Wednesday, July 03, 2013

No Triangles Allowed

Times out and quorums 6-0 / Skju

Adminned at 06 Jul 2013 07:09:33 UTC


Consider Atoms A, B, C where:
{A}:::{B} = 1,
{B}:::{C} = 1,
{A} does not equal {C},
and A, B, and C are all in the same Domain.

If {A}:::{B}, then A and B must each have two essential letters, and may not share any between themselves.

Thus, there are only 3! = 6 possible atoms that A can bond with, and B is one of them. The situation is the same for B and C, respectively.

Consider then A and C. A has occupied two of the Essential Letters, and B has occupied an additional two discreet from A’s. There is only one Letter left in the set of five; thus, C must take an Essential Letter already in use by A (not B because it has been previously stated that {B}:::{C}), and therefore {A}:::{C} = 0.

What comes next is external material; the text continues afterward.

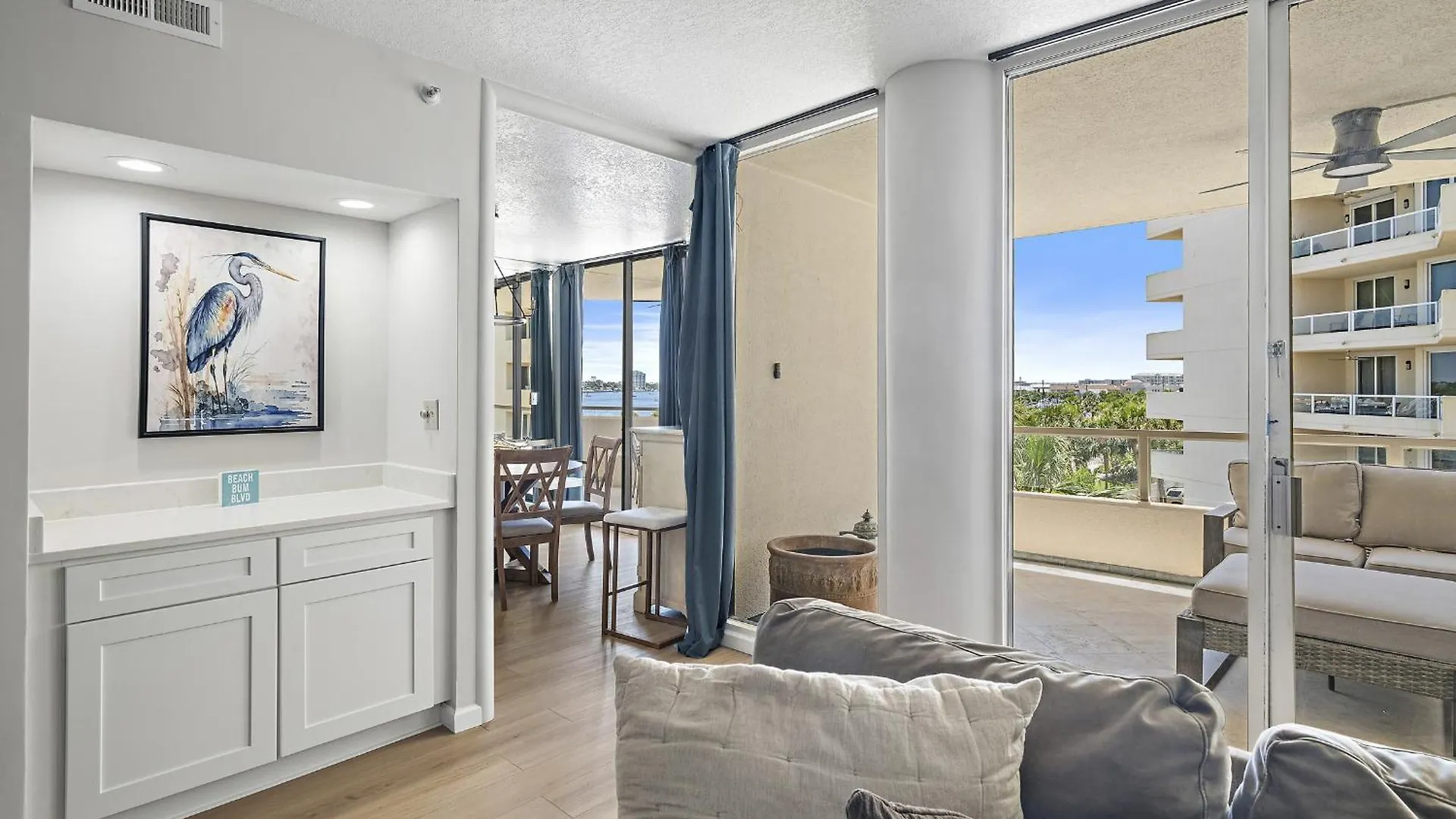 East Pass Towers 303n شقة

A more explicit form of the conclusion: {A}:::{B}&&{B}:::{C}&&{C}:::{A} = 0

Should anyone want to formally undertake the task, it can also be shown that the set of 20 Atoms with unique essence combinations bond into a structure resembling a dodecahedron. This realization of the triviality of the bonding structure is what inspired me to submit the Domains proposal in the first place.



07-05-2013 00:43:45 UTC

Looks correct.  for


07-05-2013 01:16:11 UTC



07-05-2013 12:01:16 UTC

for Good use of the pigenhole principle


07-05-2013 12:20:25 UTC



07-05-2013 15:48:15 UTC